Self-powered topological insulator Bi 2 Te 3 /Ge heterojunction photodetector driven by long-lived excitons transfer.

Due to the wide spectral absorption and ultrafast electron dynamical response under optical excitation, topological insulator (TI) was proposed to have appealing application in next-generation photonic and optoelectronic devices. Whereas, the bandgap-free speciality of Dirac surface states usually leads to a quick relaxation of photoexcited carriers, making the transient excitons difficult to manipulate in isolated TIs.
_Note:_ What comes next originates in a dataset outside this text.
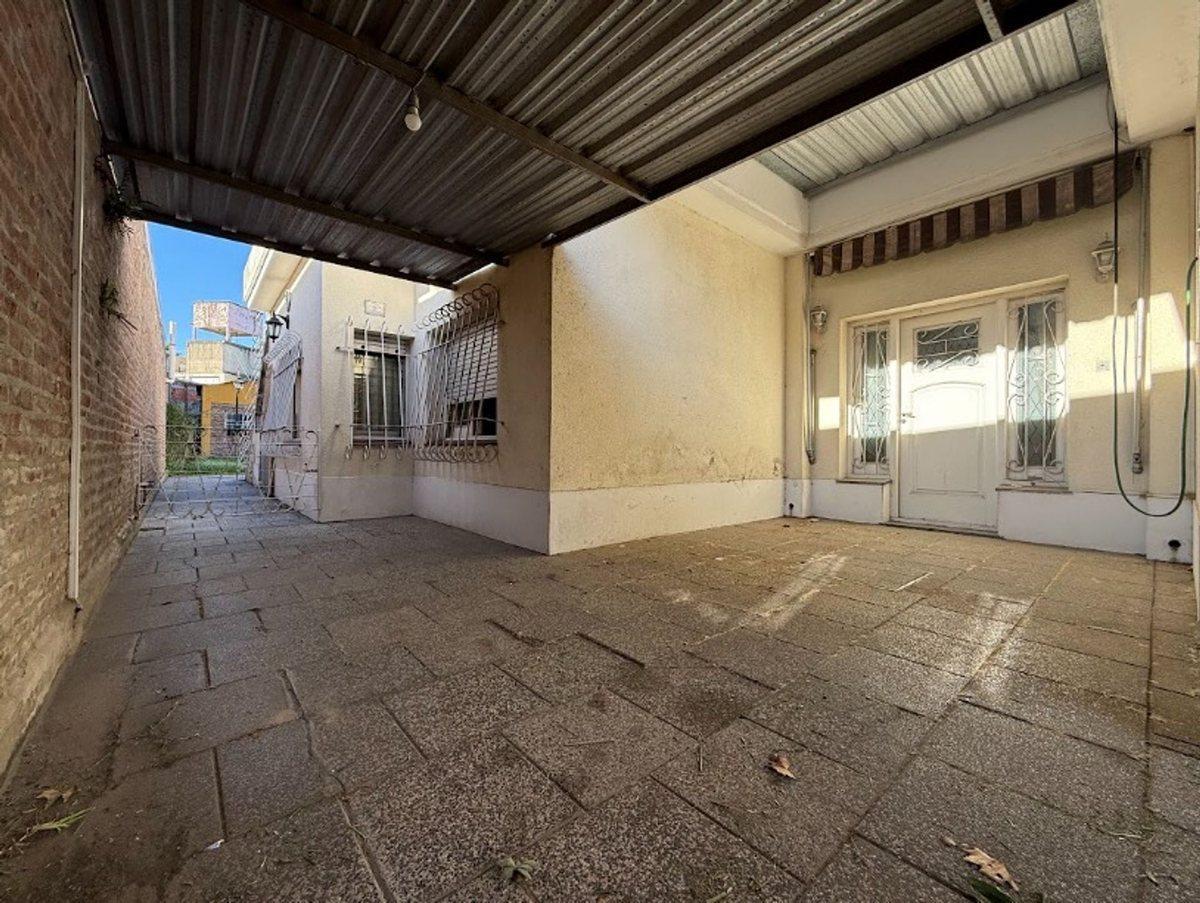 Foto de CASA CON LOCAL AL FRENTE EN ADROGUE Y GRAN TERRENO, imagen 3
Growth of TI Bi 2 Te 3 /Ge heterostructures can promote the specific lifetime and quantity of long-lived excitons, offering the possibility of designing original near-infrared optoelectronic devices, however, the construction of TI Bi 2 Te 3 /Ge heterostructures has yet to be investigated. Herein, the high-quality Bi 2 Te 3 /Ge heterojunction with clear interface was prepared by physical vapor deposition strategy. A significant photoluminescence quenching behaviour was observed by experiments, which was attributed to the spontaneous excitation transfer of electrons at heterointerface via theoretical analysis. Then, a self-powered heterostructure photodetector was fabricated, which demonstrated a maximal detectivity of 1.3 × 10 11 Jones, an optical responsivity of 0.97 A W -1 , and ultrafast photoresponse speed (12.1 μ s) under 1064 nm light illumination. This study offers a fundamental understanding of the spontaneous interfacial exciton transfer of TI-based heterostructures, and the as-fabricated photodetectors with excellent performance provided an important step to meet the increasing demand for novel optoelectronic applications in the future.